What are extrajudicial measures?
Extrajudicial measures are processes other than court proceedings. They are used to deal with a youth who has broken the law. Examples of extrajudicial measures include:

  • Police warnings
  • Referrals to community programs
  • Crown cautions

Extrajudicial measures also include "extrajudicial sanctions." Extrajudicial sanctions usually provide for conditions that the young offender must follow.

Why does the YCJA provide for extrajudicial measures?
Measures outside the court process can provide effective responses to less serious youth crime. For example, a police warning for a minor first offence may be determined to be a sufficient reprimand and a deterrent to further offences.

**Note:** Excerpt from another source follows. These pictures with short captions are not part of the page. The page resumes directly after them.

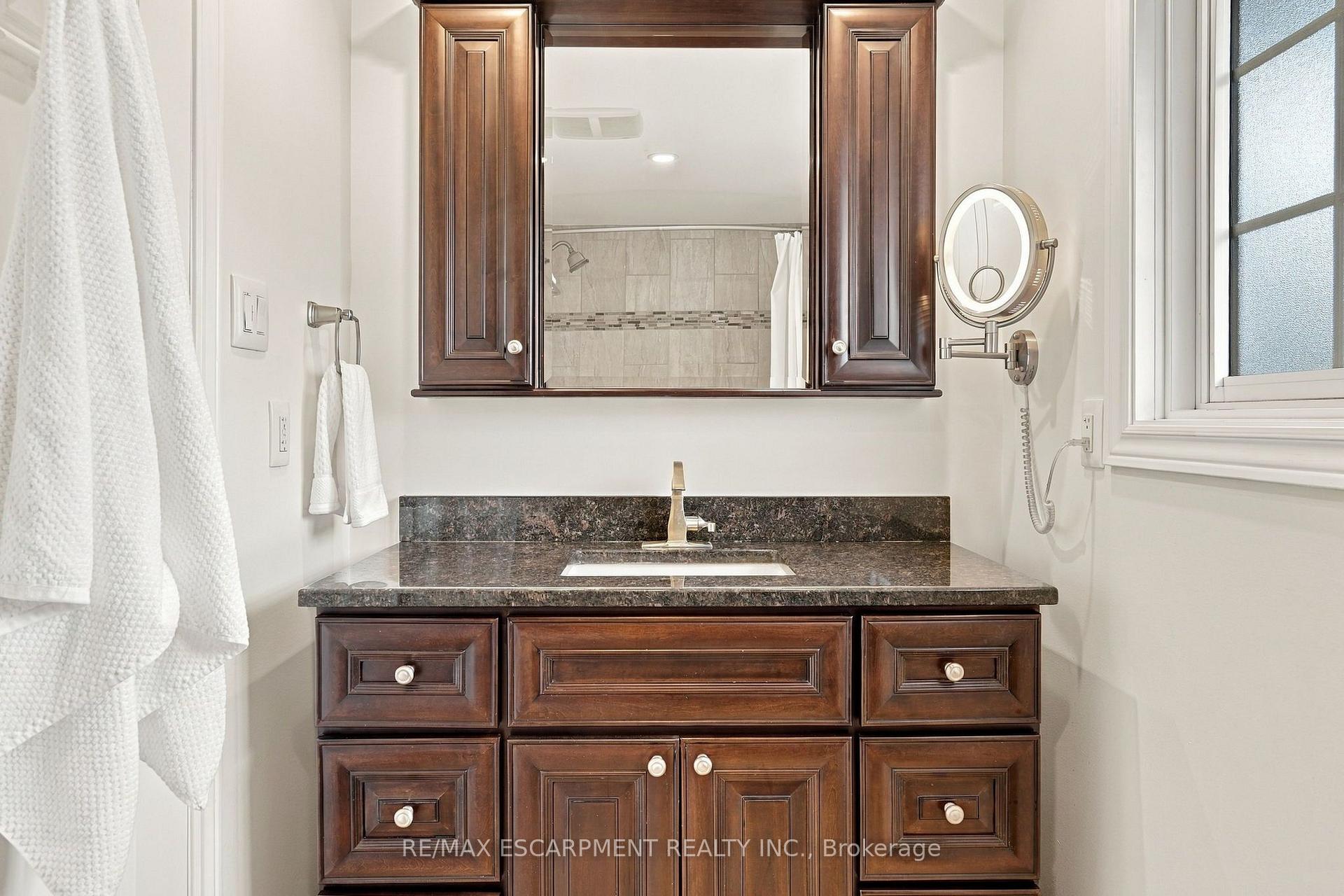 Photo 14 of Unit 4, 3204 New Street, Burlington, Roseland — HOMEH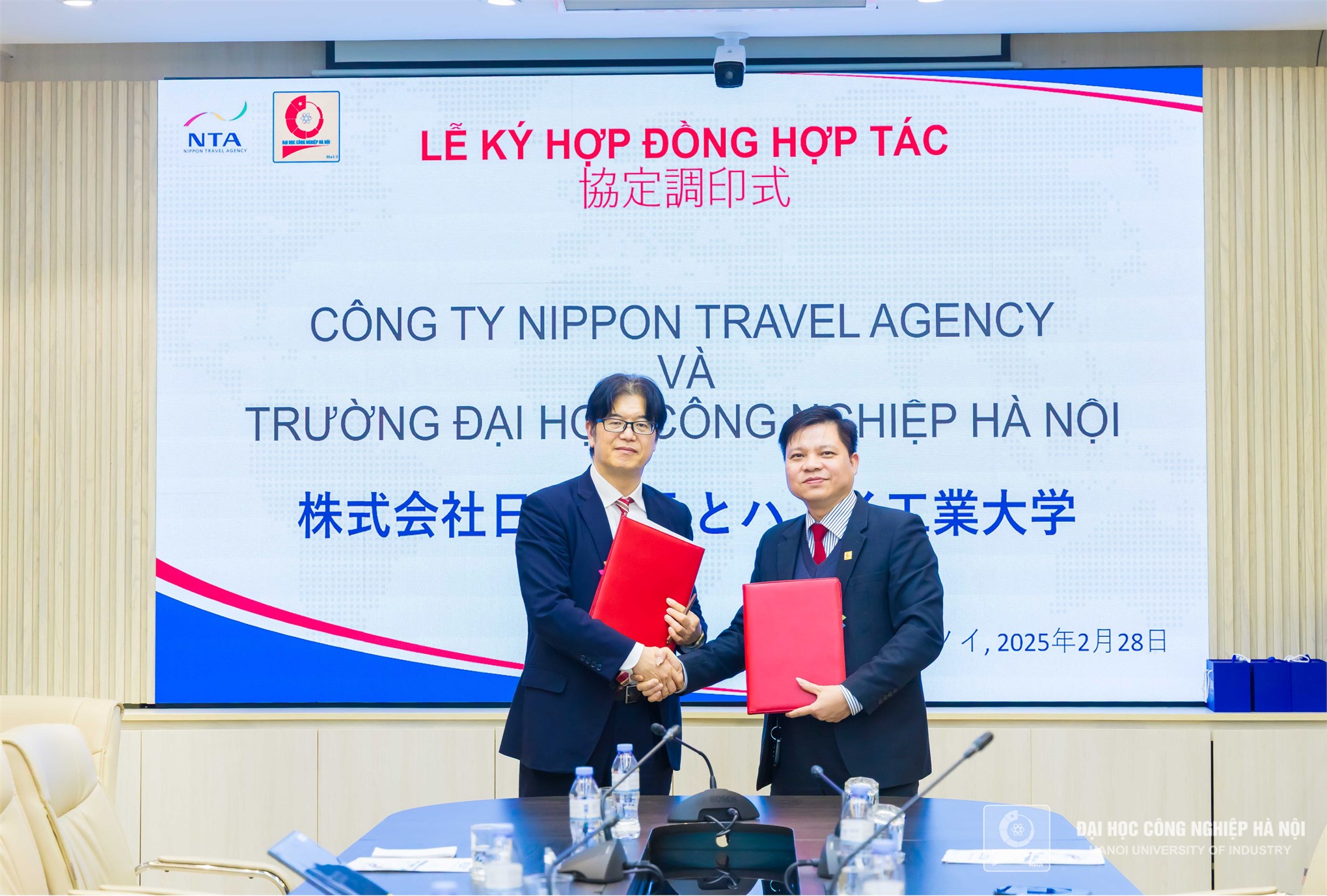 HaUI – Nippon Travel Agency ký thỏa thuận hợp tác phát triển nhân lực tại Nhật Bản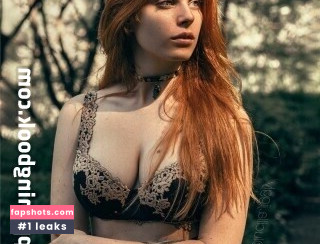 Lucilla Jiggly gallery photo #20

What principles govern the use of extrajudicial measures?
Part 1: Section 4 of the YCJA sets out the principles that should be considered when using extrajudicial measures. Extrajudicial measures:

  • Are often the most appropriate and effective way to address youth crime.
  • Allow for effective and timely interventions focused on correcting offending behaviour.
  • Are presumed to be adequate to hold a young person accountable if the young person has committed a non-violent offence and has not previously been found guilty of an offence.
  • Should be used in all cases where they are adequate to hold a young person accountable, even if the young person has previously been dealt with by extrajudicial measures or has previously been found guilty of an offence, as long as they're adequate to hold the young person accountable.

What is the presumption in regard to extrajudicial measures?
The normal response to youth crime should be to look at extrajudicial measures first before initiating the formal court process.

Note that extrajudicial measures are not limited to first time offenders only. The test of the measure in the case of a second or subsequent offence is to decide if it would be adequate to hold the youth accountable for that offence.

Are extrajudicial measures recorded?
Yes, the 2012 amendments to the YCJA included changes to the recording of extrajudicial measures. The police force is now required to keep a record of any extrajudicial measures that they use to deal with young persons. This will enable both officers and Crown to be aware of any previous attempts to apply extrajudicial measures. The record cannot be used for sentencing considerations, but can be used for charge approval or in the consideration of further extrajudicial measures.

What are the objectives of extrajudicial measures?
Part 1: Section 5 of the YCJA states that extrajudicial measures should:

  • Provide an effective and timely response to the offending behaviour
  • Encourage the repair of harm caused to the victim and the community
  • Encourage the involvement of families, victims and the community
  • Respect the rights of young persons
  • Be proportionate to the seriousness of the offence

A measure that repairs the harm done can often be the most meaningful consequence for the youth and can be effectively implemented outside the court process. An example might be:

Five kids are seen egging cars on the street.  The police are called to the scene and catch one boy.  He denies all knowledge of the incident and says he didn’t do it.  The police inform him that they will get his fingerprints from the egg shells.  He confesses and gives up the names of the other four kids.  They all agree to pay for the clean-up of the cars and to do 25 hours of community work.  They all complete all or at least half of the hours.  The police have used an extrajudicial measure so there is no recourse if the kids do not complete but at least they were held accountable for their actions in a case where it may have been very difficult to get enough evidence to convict.